In a league more focused on perimeter shooting than ever, allowing the highest shooting percentage from beyond the arc in the NBA last season was a death sentence for a Suns defense, that struggled across the board.
By replacing Mirza Teletovic and Jon Leuer with Jared Dudley, Dragan Bender, and Marquese Chriss, fans can expect a team that is nimbler on the defensive end.
While putting a stronger emphasis on speed and agility should help stifle the three-point shot, it will also result in opposing teams taking more shots inside, and hitting those shots at a higher rate. Leuer (and, to a lesser extent, Teletovic) handled minutes at center last season, something that none of the new players will be able to do.
Losing Leuer will spread the Suns thinner when trying to defend shots inside. Per NBAwowy.com, teams shot 4 percent better within three feet of the basket when Leuer was off the court. Replacing him with players that won’t be able to defend opposing centers will force Alex Len and Tyson Chandler to spend fewer minutes playing alongside each other.
|Who's on the court?
||Opp. FG% (0-3 feet)
When Len and Chandler played next to each other, opposing teams shot considerably worse near the basket. With only one (or neither) of them on the court, interior defense became an issue. With Leuer gone, they will be spending less time next to each other, and they will be getting less support from their teammates when they are split up.

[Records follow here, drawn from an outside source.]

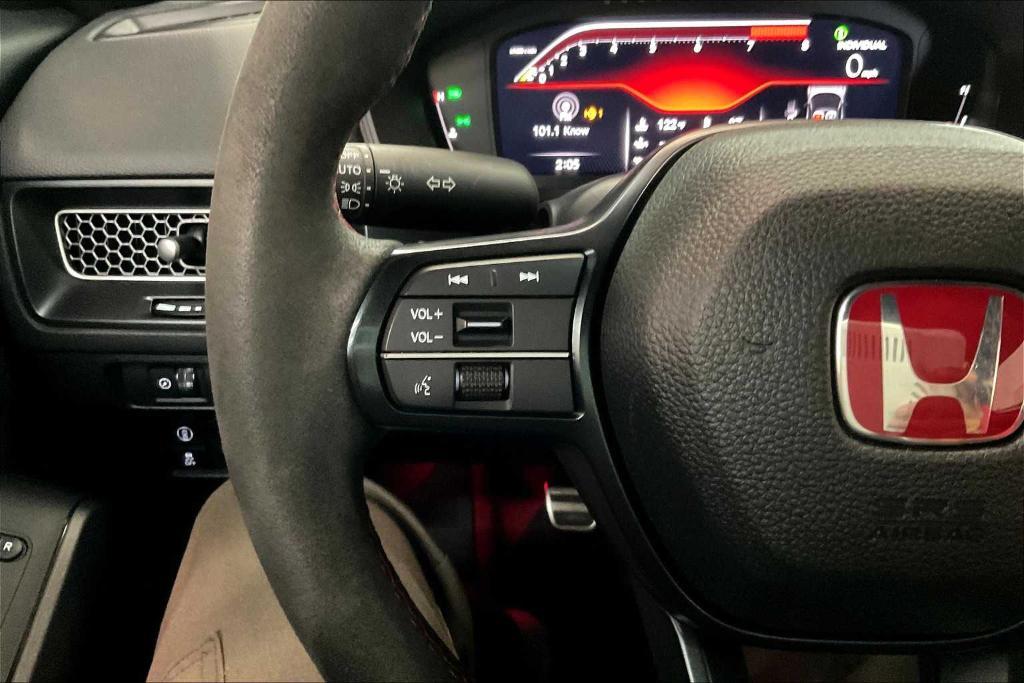 used 2024 Honda Civic Type R car, priced at $47,697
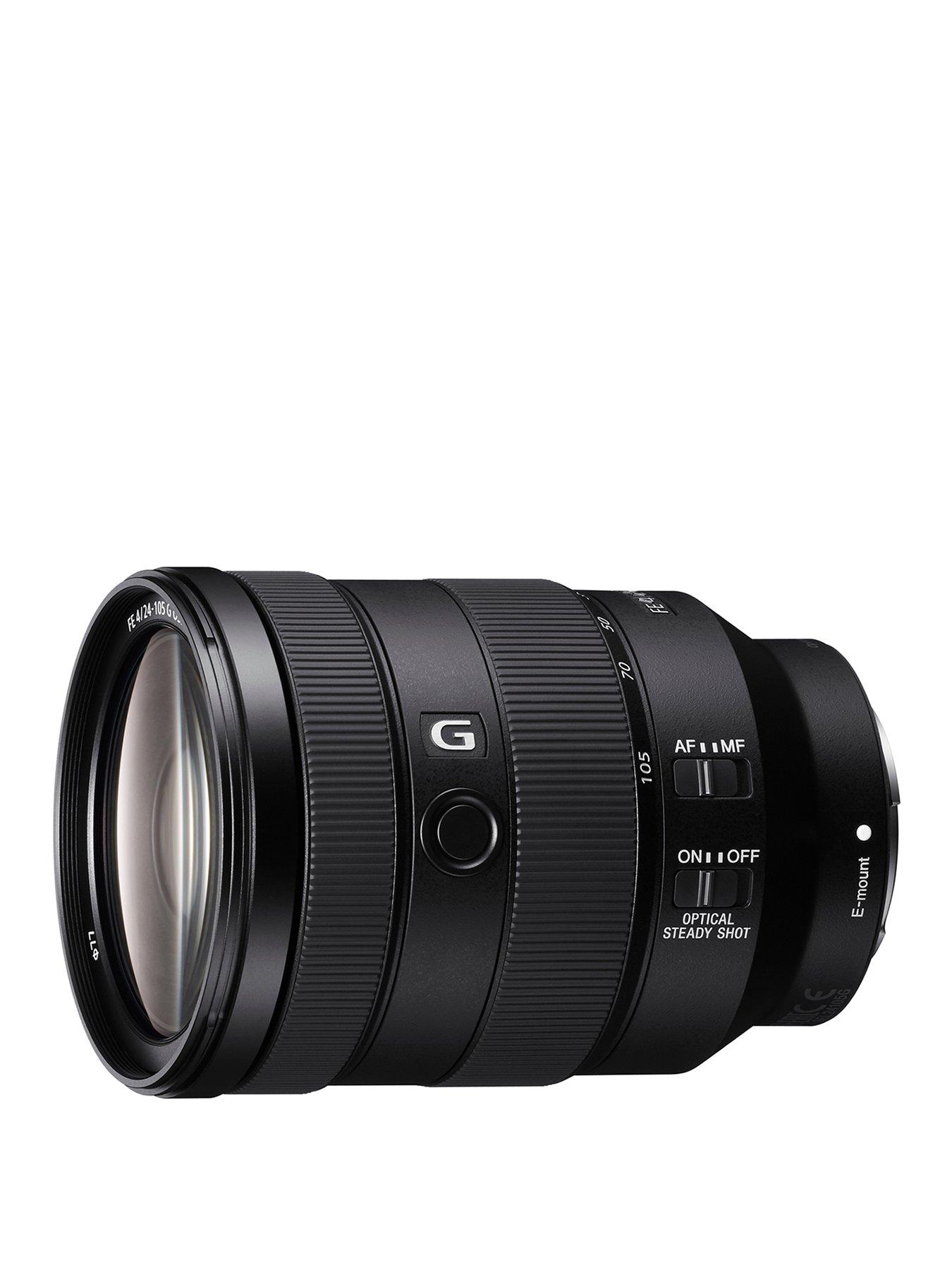 Sony SEL24105G FE 24-105 mm F4 G OSS Standard Zoom Lens | very.co.uk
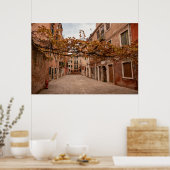 Poster Venise calme (Cuisine)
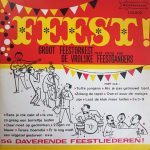 Groot Feestorkest Met Zang Van De Vrolijke Feestgangers - Feest! (56 Daverende Feestliederen) (LP)
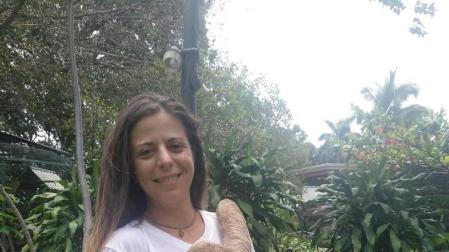 Una navarra, rescatadora de animales en Costa Rica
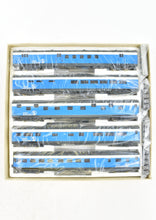 Load image into Gallery viewer, HO Brass Westside Model Co. GN - Great Northern 5-Car Big Sky Blue Passenger Set FP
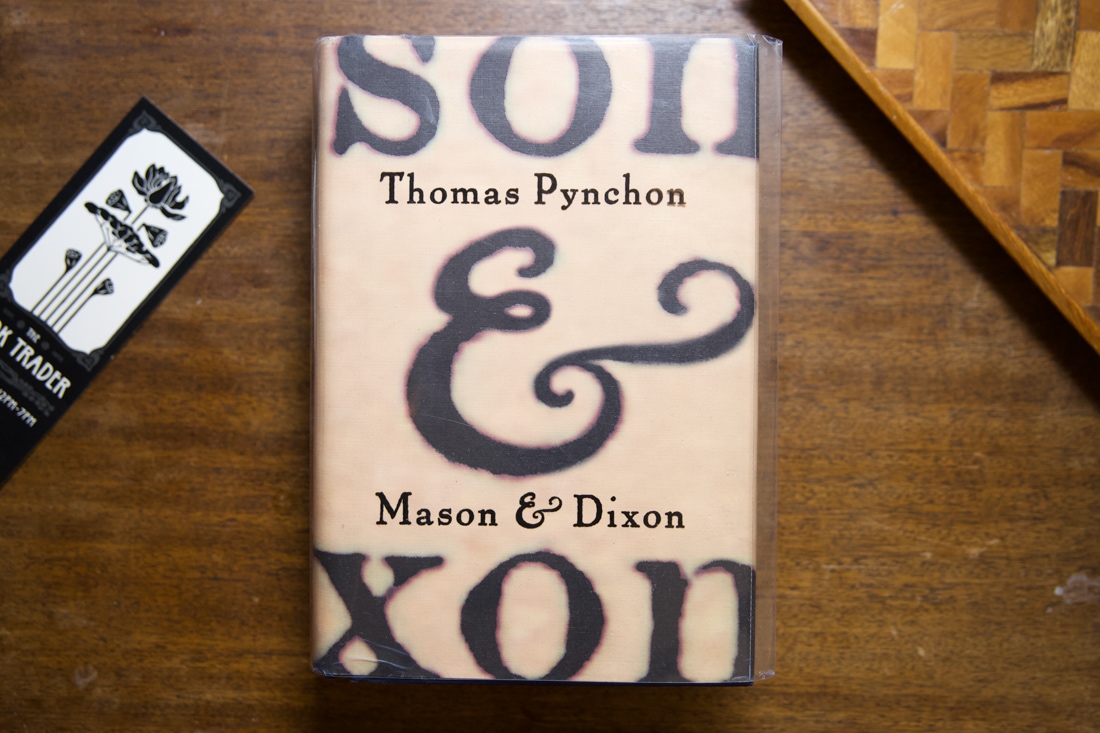 Mason & Dixon  by Thomas Pynchon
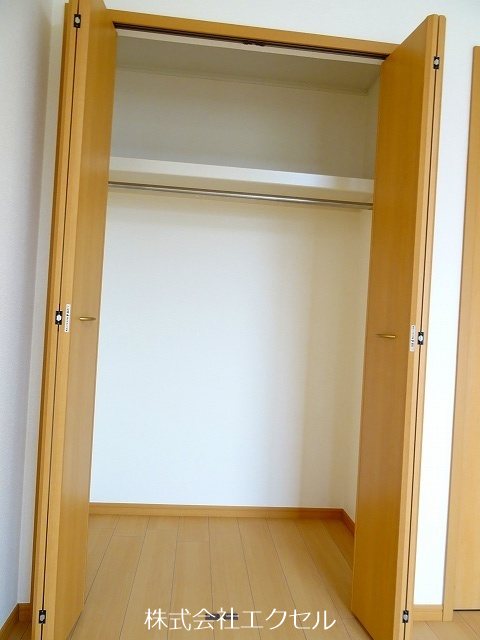 収納　クローゼットです。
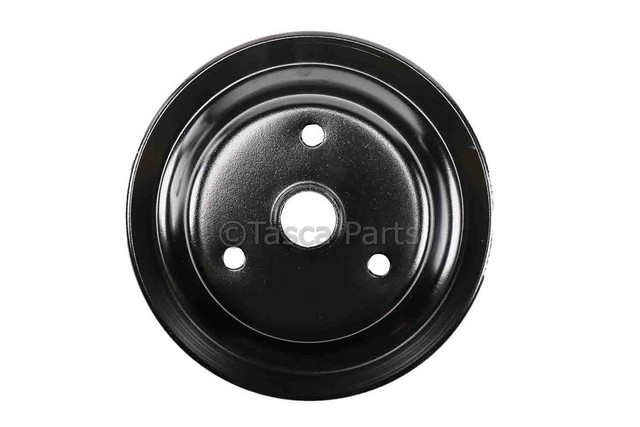10085754 - Engine: Pulley for Cadillac: Escalade | Chevrolet: Astro, Blazer, C1500, C2500, C3500, C3500HD, Express 1500, Express 2500, Express 3500, G10, G20, G30, K1500 Pickup, K2500 Pickup, K3500 Pickup, K5 Blazer, P20, P30, S10, S10 Blazer, Silverado 1500, Silverado 1500 Classic, Suburban C1500, Suburban C2500, Suburban K1500, Suburban K2500, Tahoe | GMC: C1500 Pickup, C2500 Pickup, C3500 Pickup, C3500HD, G1500, G2500, G3500, Jimmy, Jimmy S15, K1500 Pickup, K2500 Pickup, K3500 Pickup, P2500, P3500, S15, Safari, Savana 1500, Savana 2500, Savana 3500, Sierra 1500, Sierra 1500 Classic, Sonoma, Suburban C1500, Suburban C2500, Suburban K1500, Suburban K2500, Syclone, Typhoon, Yukon | Oldsmobile: Bravada Image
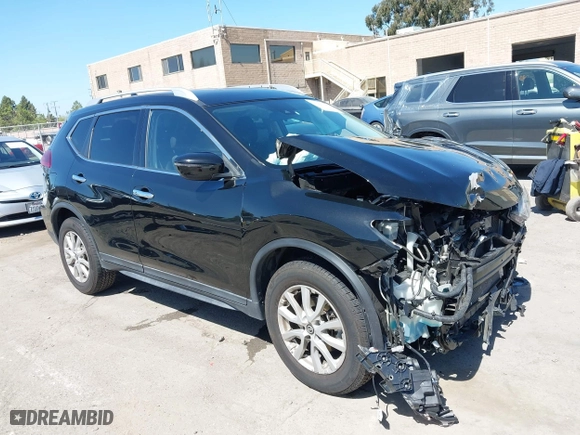 2020 Nissan Rogue SV with VIN KNMAT2MV1LP533323, listed as a IAAI auction lot 41992342 with 51,822 mi miles. Bid and sale history available at carsss.com. Image 14.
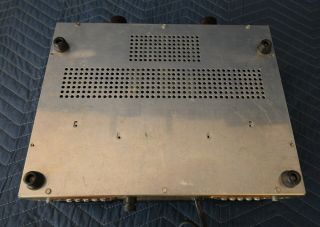 Vintage HH Scott LK - 150 Stereo Vacuum Tube Power Amplifier Kit For Restoration 6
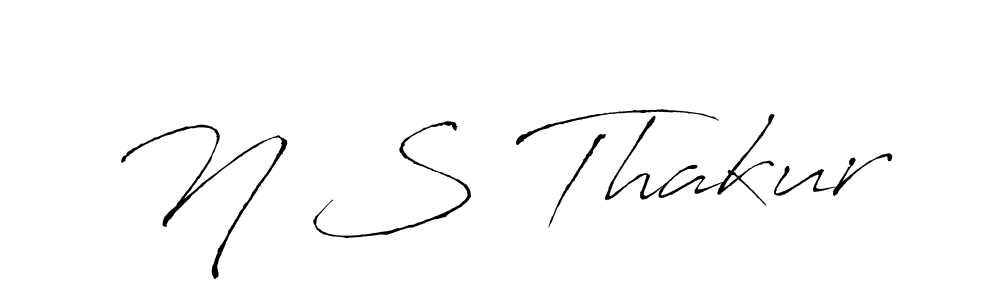Also You can easily find your signature by using the search form. We will create N S Thakur name handwritten signature images for you free of cost using Antro_Vectra sign style. N S Thakur signature style 6 images and pictures png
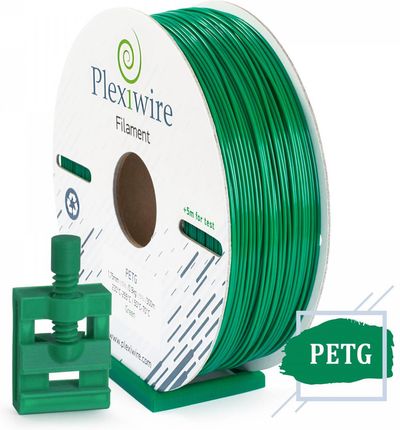 Plexiwire FILAMENT PETG 1,75mm Zielony 900g 300m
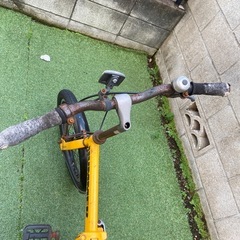 ハマー［HUMMER]折りたたみ自転車の画像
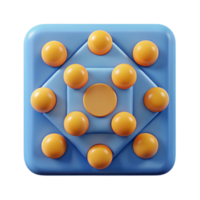 reflective pristine Geometric tessellation, clean lines, flat color with Scalable Design. refined png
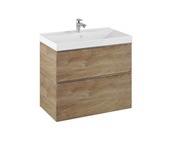 SZAFKA LOOK 80 2S DĄB CANELA 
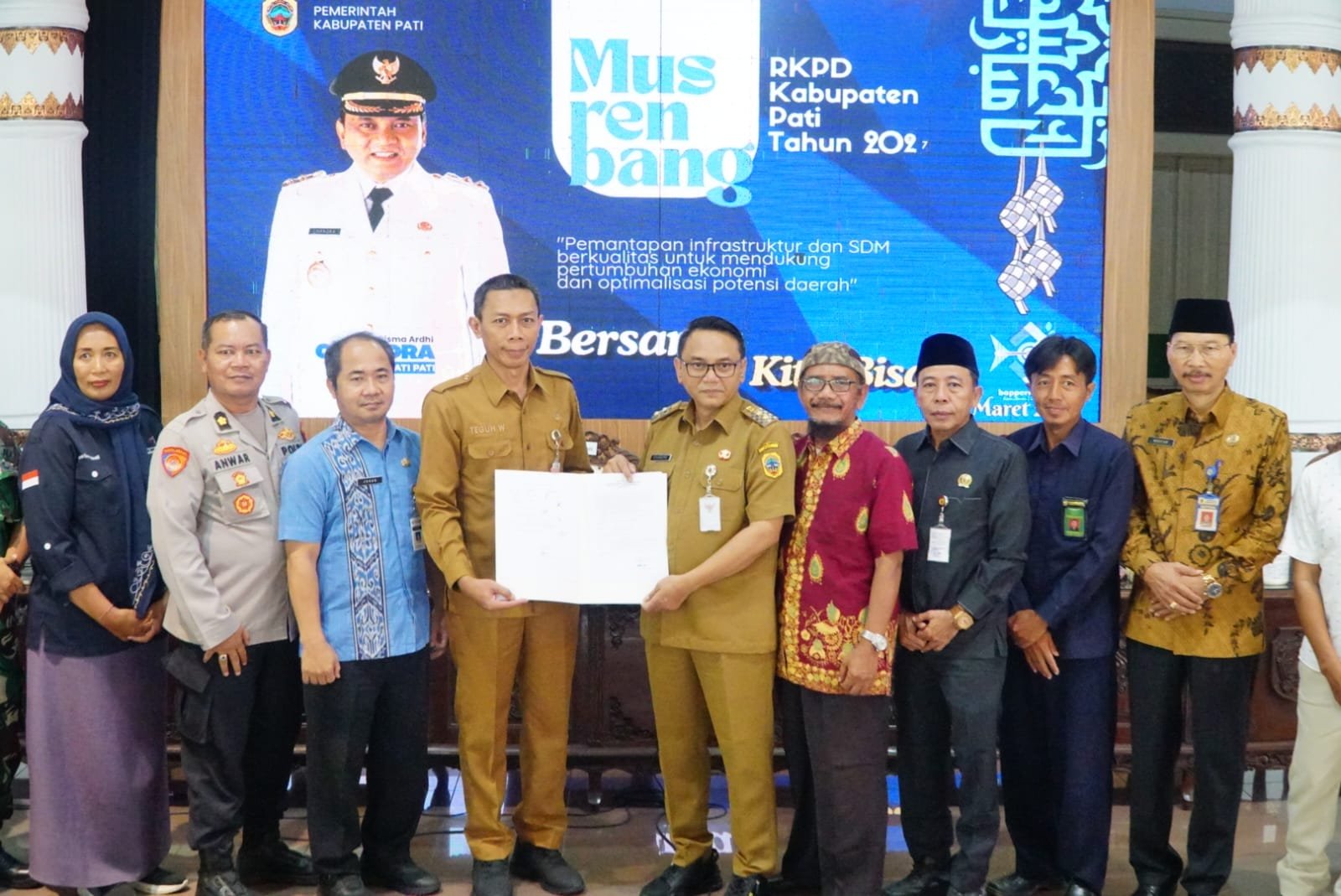 Musrenbang RKPD, Infrastruktur dan SDM Jadi Prioritas di 2027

If one of them suffers an injury during the season, things will go from bad to worse down low. Dudley is not qualified for the role of defensive anchor. Bender has the height, but lacks the strength to give his opposition much trouble in the paint. Chriss is the most athletic of these three, but his poor rebounding and constant fouling (he fouled out of 15 games last season at Washington) does nothing to inspire confidence in his ability to handle most NBA power forwards down low, let alone centers.
The Suns currently have fifteen players under contract, meaning no more free agents will be coming on board unless a roster spot is freed up through a trade, or releasing one (or both) of John Jenkins and Alan Williams. Phoenix GM Ryan McDonough has said that Williams is expected to stay on board (per Paul Coro of azcentral.com) and that the team isn't likely to make any meaningful signings or trades until the season is underway. Given that Jenkins' contract becomes fully guaranteed in late October (when the season starts), this would seem to indicate that he will also remain on the roster.
Given the lack of other qualified centers in Phoenix, Williams will likely be charged with the duties of a third-string center. While he earned a spot on the All-NBA Summer League First Team, his limited playing time as a rookie last season (he played 68 minutes over ten games) leaves plenty of room for skepticism. Could a team enlisting Williams for meaningful minutes be expected to compete in the NBA?
That question brings up an important point: this Suns team is trying to compete right now. Nobody expects home court advantage, but fans, players, and front office folks alike are hoping for postseason games in Phoenix. There is too much talent on the roster for an overhaul to make sense. With starting-caliber players and promising prospects at every position, a legitimate core is in place.
With that in mind, the team’s inability to defend inside and out will make life difficult for an organization fighting for a playoff spot. To make the next step into a future contender, one of two things will have to happen: Bender or Chriss will have to prove themselves capable of providing strong interior defense as a small-ball big man, or the team will have to find a power forward that can do so.
The problem with that is the limited pool of players to choose from that fill that role. If Phoenix can overperform, it is possible that a top free agent could be convinced to join in. However, of the players that could be available next offseason, only Paul Millsap or Blake Griffin could fill that role while pushing the Suns to a higher tier. A lot of things would need to go right for that type of signing to enter the realm of possibility.
If the team underperforms, it is possible that a high draft pick could lead to a player capable of improving the defense. While draft picks are not a safe bet, good ones can turn around a franchise.
With the roster as is, the team appears to be in a position to compete for one of the last playoff spots in the Western Conference. Without a versatile defensive big man, don’t expect expectations to change for Phoenix.